> Exercise brief
For this task, copy all of the data below exactly and skip the pictures.

(Dataset entries)

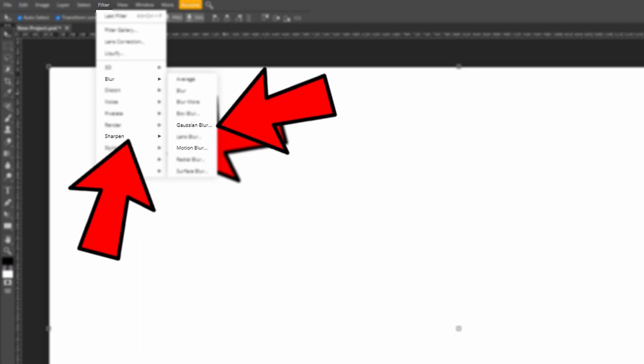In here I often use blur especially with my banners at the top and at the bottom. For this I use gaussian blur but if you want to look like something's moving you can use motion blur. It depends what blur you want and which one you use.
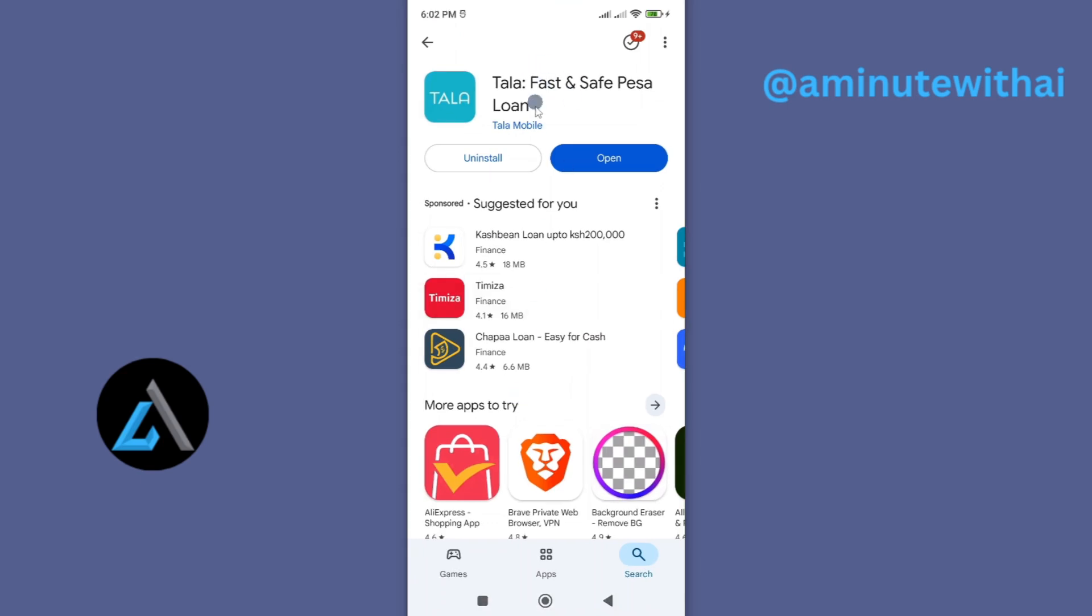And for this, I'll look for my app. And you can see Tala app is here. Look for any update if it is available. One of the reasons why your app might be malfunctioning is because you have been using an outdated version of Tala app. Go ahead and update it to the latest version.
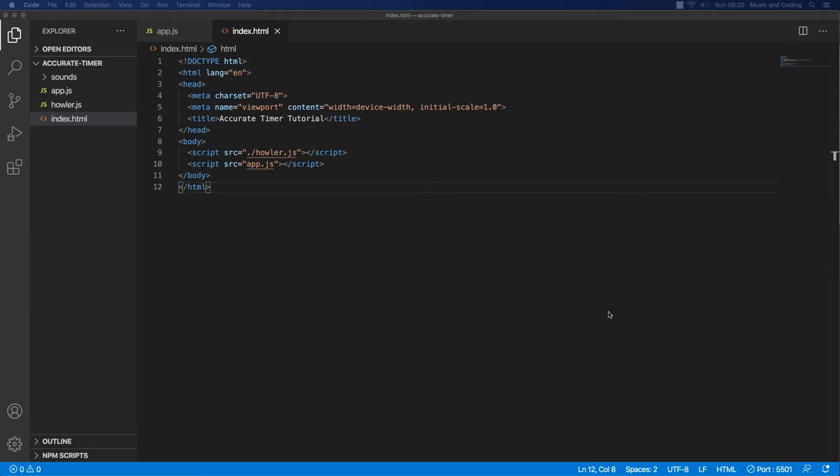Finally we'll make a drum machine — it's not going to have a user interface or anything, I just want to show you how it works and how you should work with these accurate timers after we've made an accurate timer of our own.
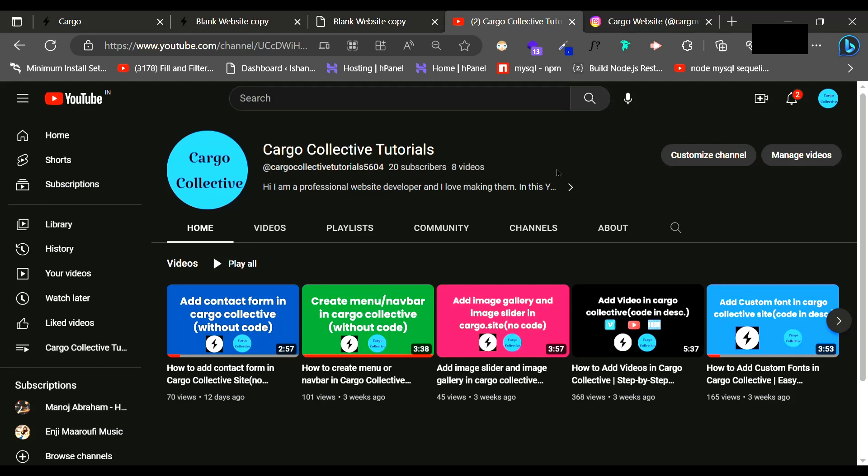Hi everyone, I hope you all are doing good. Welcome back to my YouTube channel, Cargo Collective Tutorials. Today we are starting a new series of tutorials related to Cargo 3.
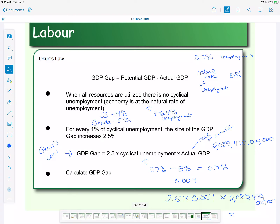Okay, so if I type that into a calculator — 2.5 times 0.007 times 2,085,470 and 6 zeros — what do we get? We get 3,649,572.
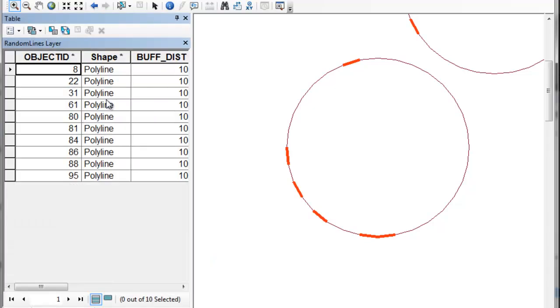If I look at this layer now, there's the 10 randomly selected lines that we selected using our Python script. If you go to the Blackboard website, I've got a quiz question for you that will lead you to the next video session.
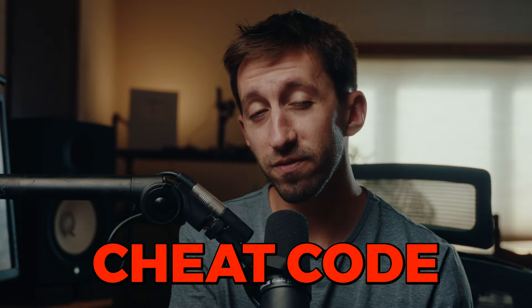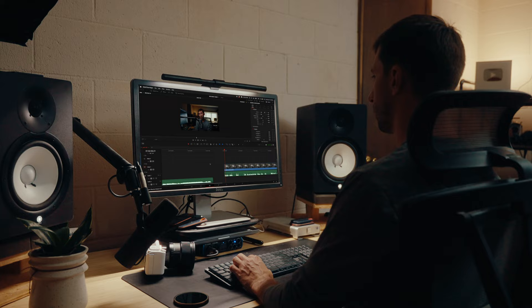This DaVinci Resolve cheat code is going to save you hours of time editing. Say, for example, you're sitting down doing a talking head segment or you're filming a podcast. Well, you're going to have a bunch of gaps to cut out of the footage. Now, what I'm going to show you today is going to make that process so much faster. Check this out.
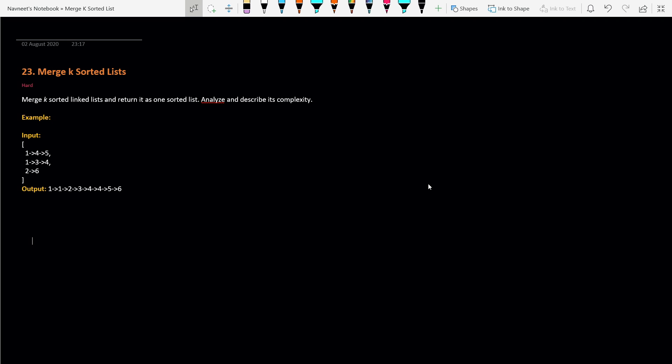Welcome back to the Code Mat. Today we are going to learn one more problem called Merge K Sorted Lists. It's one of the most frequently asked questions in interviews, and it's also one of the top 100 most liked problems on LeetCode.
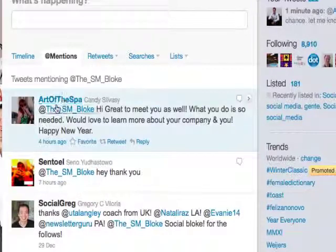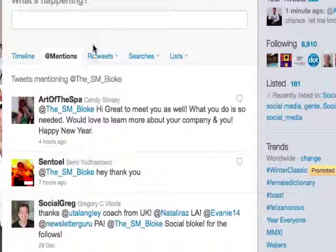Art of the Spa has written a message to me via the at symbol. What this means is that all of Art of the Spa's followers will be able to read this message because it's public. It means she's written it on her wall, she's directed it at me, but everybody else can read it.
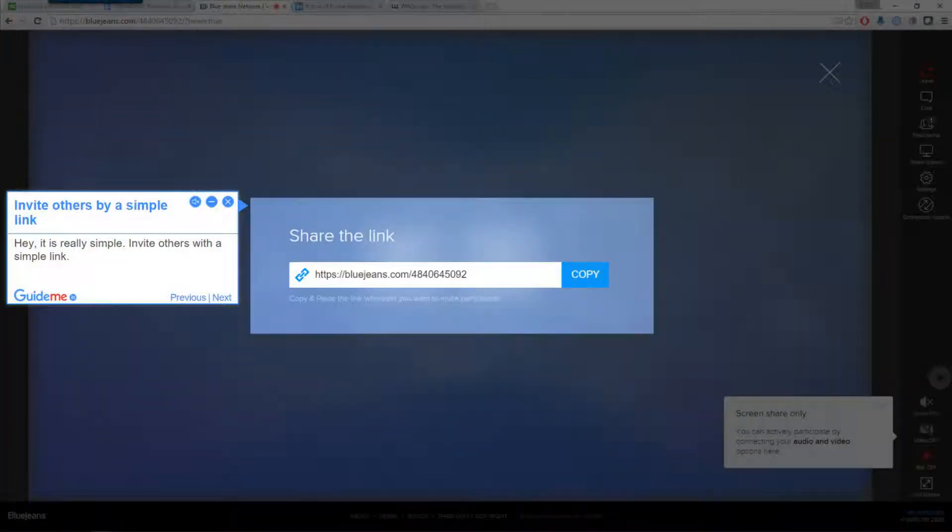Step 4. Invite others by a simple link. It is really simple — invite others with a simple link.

> Answer section
In here I often use blur especially with my banners at the top and at the bottom. For this I use gaussian blur but if you want to look like something's moving you can use motion blur. It depends what blur you want and which one you use.
And for this, I'll look for my app. And you can see Tala app is here. Look for any update if it is available. One of the reasons why your app might be malfunctioning is because you have been using an outdated version of Tala app. Go ahead and update it to the latest version.
Finally we'll make a drum machine — it's not going to have a user interface or anything, I just want to show you how it works and how you should work with these accurate timers after we've made an accurate timer of our own.
Hi everyone, I hope you all are doing good. Welcome back to my YouTube channel, Cargo Collective Tutorials. Today we are starting a new series of tutorials related to Cargo 3.
Okay, so if I type that into a calculator — 2.5 times 0.007 times 2,085,470 and 6 zeros — what do we get? We get 3,649,572.
If I look at this layer now, there's the 10 randomly selected lines that we selected using our Python script. If you go to the Blackboard website, I've got a quiz question for you that will lead you to the next video session.
This DaVinci Resolve cheat code is going to save you hours of time editing. Say, for example, you're sitting down doing a talking head segment or you're filming a podcast. Well, you're going to have a bunch of gaps to cut out of the footage. Now, what I'm going to show you today is going to make that process so much faster. Check this out.
Welcome back to the Code Mat. Today we are going to learn one more problem called Merge K Sorted Lists. It's one of the most frequently asked questions in interviews, and it's also one of the top 100 most liked problems on LeetCode.
Art of the Spa has written a message to me via the at symbol. What this means is that all of Art of the Spa's followers will be able to read this message because it's public. It means she's written it on her wall, she's directed it at me, but everybody else can read it.
Step 4. Invite others by a simple link. It is really simple — invite others with a simple link.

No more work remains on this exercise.